O fogo começou na quarta-feira (26), no terceiro andar da Ala de Saúde Materno-Infantil do Instituto Paquistanês de Ciências Médicas. Segundo o governo distrital, o chamado de emergência ocorreu pouco antes das 7h, e equipes de resgate e policiais chegaram “imediatamente” e controlaram as chamas.
De um lado, o primeiro-ministro Shehbaz Sharif e o ministro do Interior, Mohsin Naqvi, enfatizaram o luto e prometeram uma resposta rigorosa.

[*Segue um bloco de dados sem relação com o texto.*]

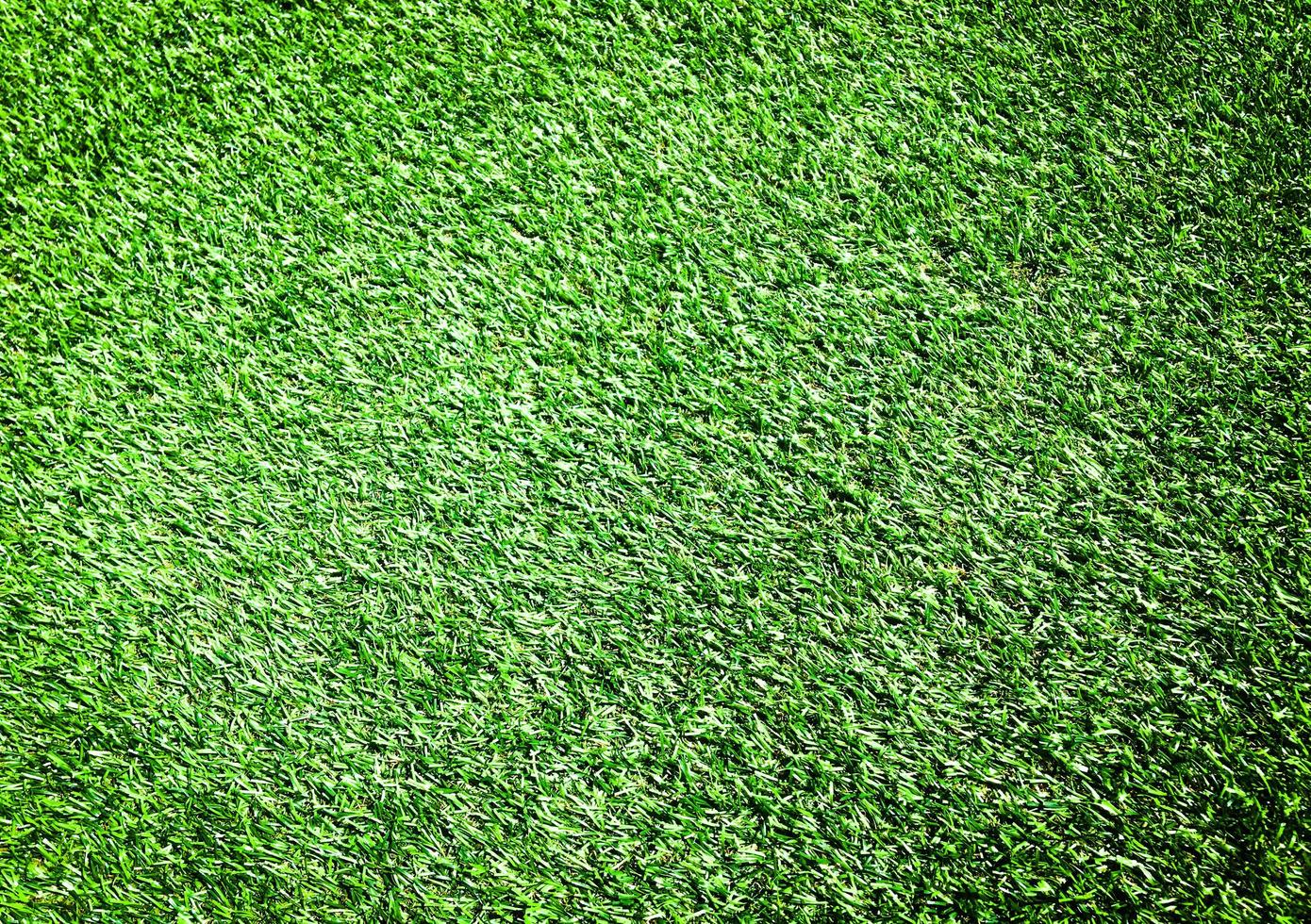 Green grass in the natural background for design photo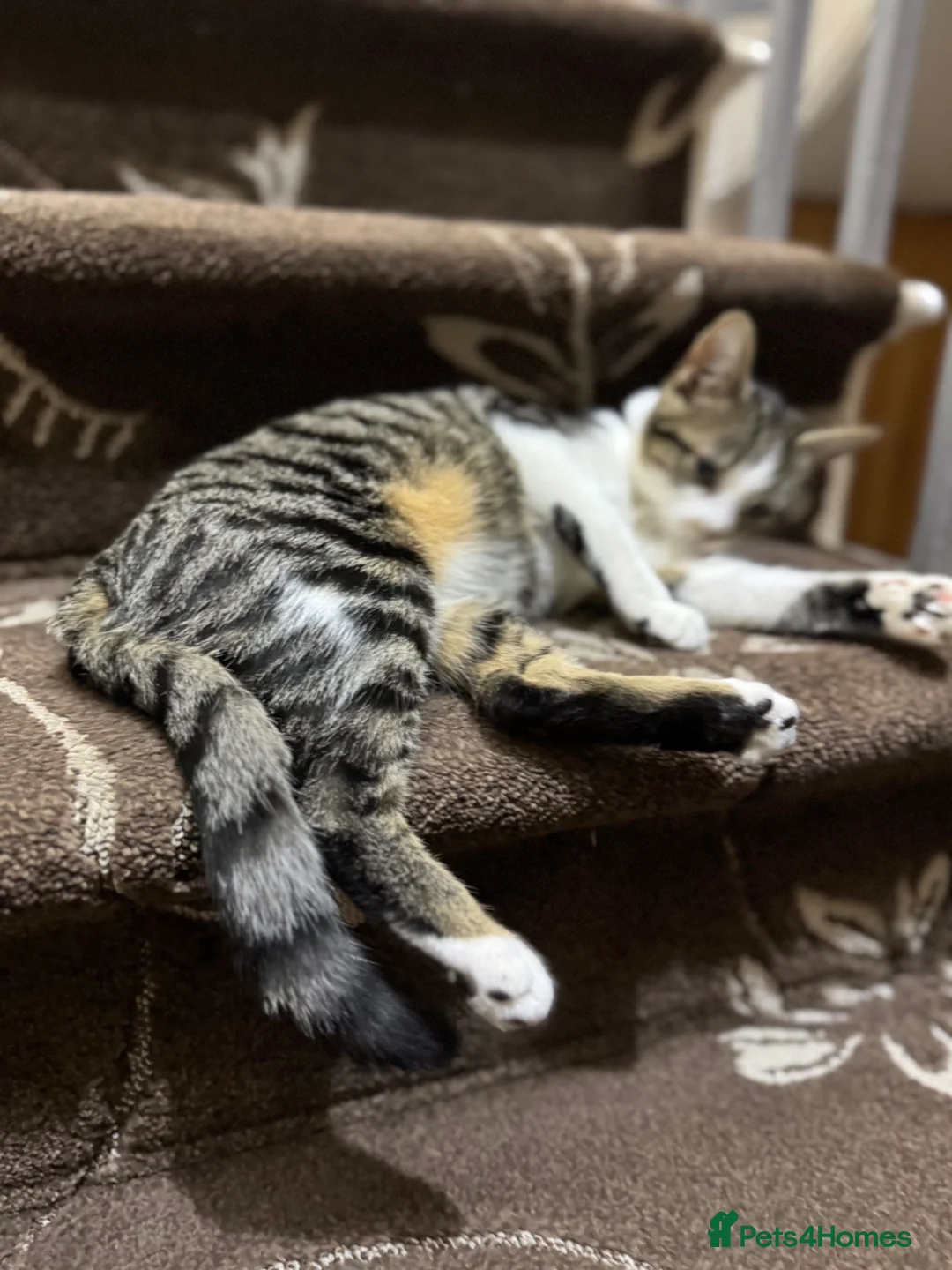 British Shorthair cats for sale: CUTE KITTENS FOR SALE - Advert 8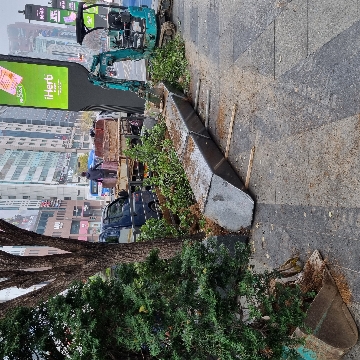 사용자 이미지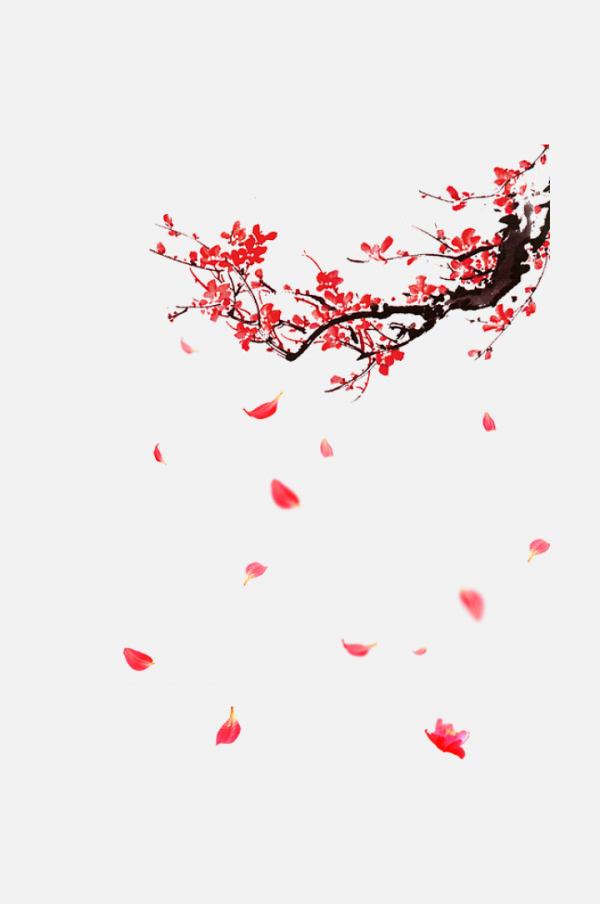 梅花枝梅花花瓣素材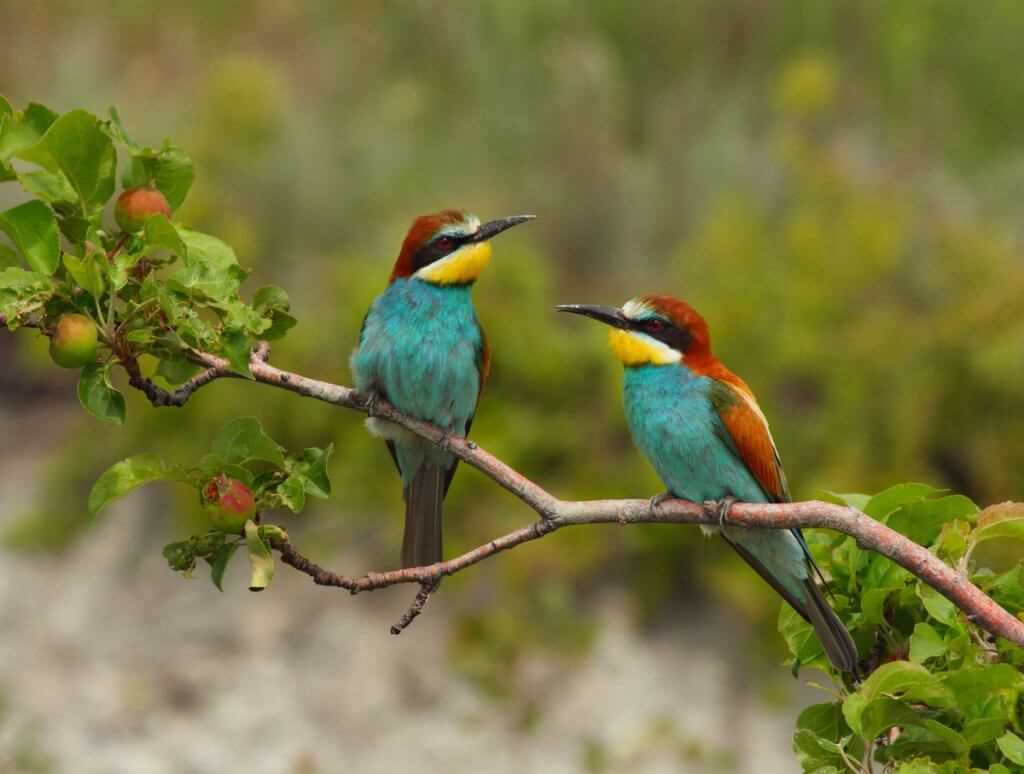 Пчелы - основная пища золотистой щурки
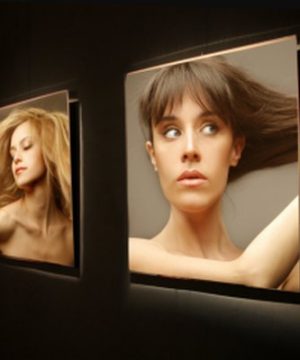 Coala Poster Gloss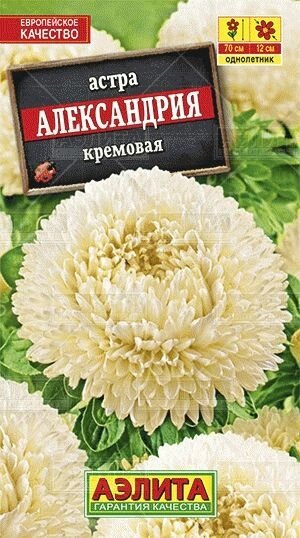 Астра Александрия кремовая 0,1г от компании Садовник - все для сада и огорода - фото 1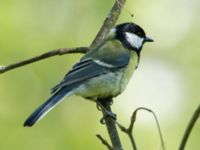 Parus major Björkadammen, Malmö, Skåne, Sweden 20160510_0029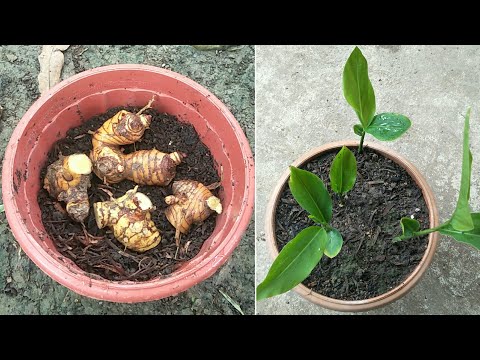 Growing Galanga fast in pots - my agriculture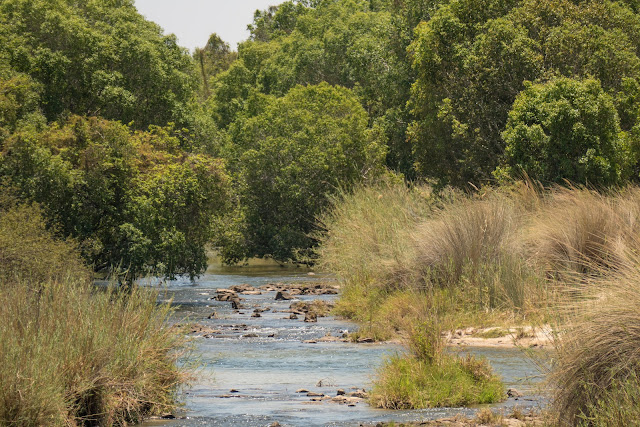 Botswana et Zimbabwe en octobre BotsZim_Oct2015_291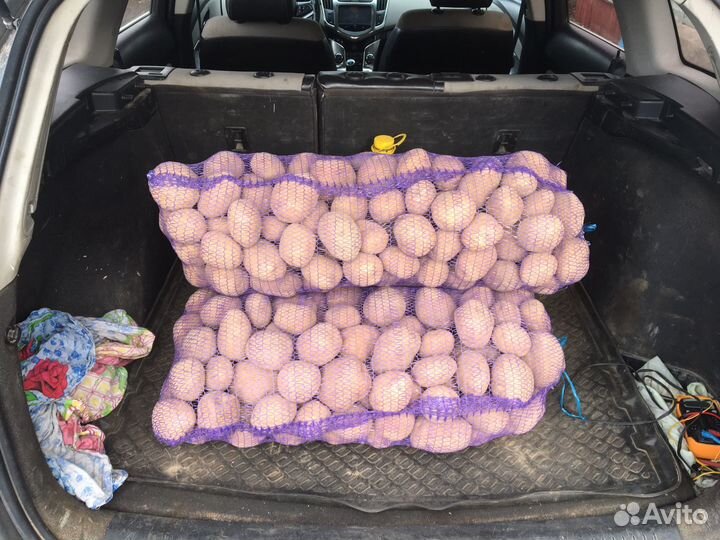 Картошка семенная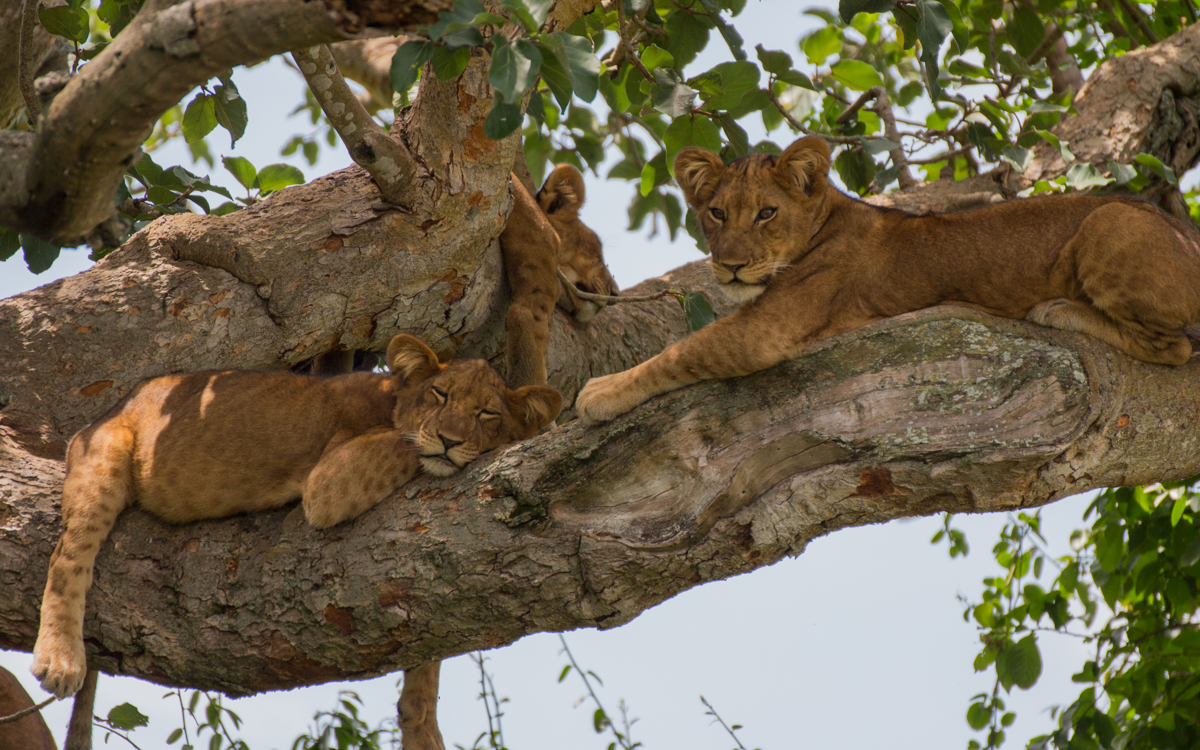 Vogelfreund CCBYSA 3.0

Ambos manifestaram “profunda dor e pesar pela morte de 15 bebês”. Sharif classificou o episódio como irreparável e afirmou que “as circunstâncias que levaram ao incidente devem ser analisadas minuciosamente, os responsáveis devem ser identificados e as medidas mais rigorosas possíveis devem ser tomadas”.
De outro, a promessa de punição antecede uma conclusão básica: as autoridades ainda não determinaram o que provocou o incêndio. Essa lacuna amplia a pressão sobre o governo, sobretudo porque grandes edifícios no Paquistão acumulam um histórico de normas precárias, códigos de construção frágeis e fiscalização insuficiente.
A comparação com tragédias anteriores torna o caso ainda mais grave. Em janeiro, mais de 65 pessoas morreram num incêndio em um centro comercial de Karachi; outros episódios fatais atingiram um shopping em 2023, uma fábrica em 2021 e uma confecção em Baldia Town, em 2012, onde ao menos 250 trabalhadores morreram em um prédio sem saída de emergência.
O governo apresenta rapidez operacional e disposição para punir. O histórico do país, porém, desloca o foco para outra pergunta: se as falhas eram conhecidas, por que continuam produzindo mortes?